Speaking at Xerocon 2018 in Brisbane, Bell recalls her move from the academe to technology,
When she made the career leap, the internet “was still dial up” and companies like Google and Amazon have yet to exist.
She remembered what her mother, also an anthropologist, told her that one is “morally obligated to service, work on behalf of others so the world is a better place than when you found it.
“I came to realise companies like Intel and the others in Silicon Valley were building the future,” says Bell, who had joined her mother on field research in the central and northern Australian aboriginal communities.
She had an inkling what could happen, as her father was an engineer. “It will work really well and none of us would like to live in it.”
At the same time, she felt she needed to do something different.
She spent the next 18 years in Silicon Valley, and went back to Australia over a year ago.
Across her career, Bell explains there were key questions she sought to answer, such as how do you make what is technically possible but also what people wanted? She is also looking at new technology, how they work, what people do and do not do with them.
She applies these questions to artificial intelligence.
AI, she adds, is a constellation of technology, and needs data.
“We have to teach machines deep learning, they need to have sensors so they know the world around them.”
“AI is a bit like innovation,” she tells the audience at Xerocon.
“Everyone says it, but if you ask what it means, they says it is a good thing but will have a different definition.”
“AI is the 21st century steam engine,” she says.
The steam engine changed the way we thought about time, space and doing business, she says.
AI will do the same thing. “It is the beginning of a change, it is not the end. It is not a game changer, yet, it is the beginning of it.”
She says another way to look at AI is the chart by the World Economic Forum on the rise of the 4th industrial revolution.
We are now entering the 4th wave of industrialisation, she says. What stood out for her in this chart was the absence of people, it only just had tools and technologies.
Yet, she says, every technology wave had changed humans and the jobs they do.
She says the 4th wave will be characterised by cyber physical systems. “How do we manage them?”
She says there are questions that needed to be asked as these systems are developed.
For instance, will the autonomous vehicles and robots, currently discreet, be running around with complete free will?
Someone has to decide what the rules are around the application of these technologies, and address the question of assurance, she states.
“We have the systems, and given them a set of rules. How do we know this is safe, what is the moral equivalent of the L plate?”
In California, these cars have bumper stickers saying ‘This is an autonomous vehicle’.
“How do you know it is safe for your business, for your city?”
“How do we measure these systems?”
I do not want the future to be built just by engineers
Over the years, most of the ways new technology was measured was whether they made us more productive or efficient. “Is that the measure we want for new technology?
“I’m interested in building the future, not look at the future,” she explains.
Thus, when she came home to Australia, she took this focus to academia.
“We have electrical engineers and computer engineers,” she says. “What is next?”
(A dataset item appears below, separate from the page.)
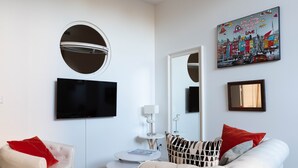 Una sala de estar moderna con un espejo redondo, un televisor de pantalla plana, una mesa redonda y dos sofás con cojines rojos.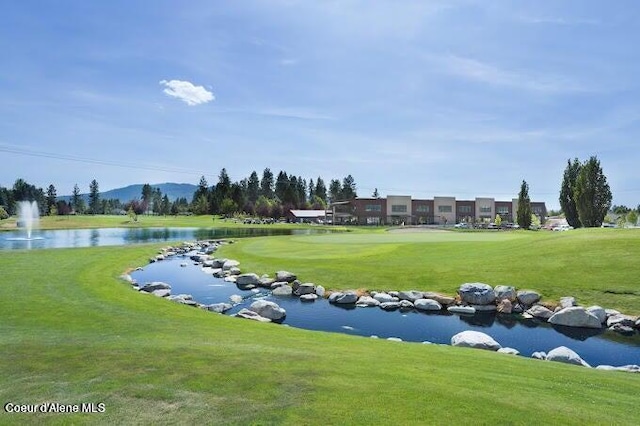 view of property's community featuring a lawn and a water and mountain view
Bell says she is building the next academic discipline, on a new applied science around the management of artificial intelligence, data, technology and their impact on humanity.
She is doing this as head of the Autonomy, Agency and Assurance (3A) Institute, launched in September 2017 by the ANU in collaboration with CSIRO's Data61.
“Build the future you want to live in,” she says on what drives her in her current endeavours. “You have to put a stake in the ground.”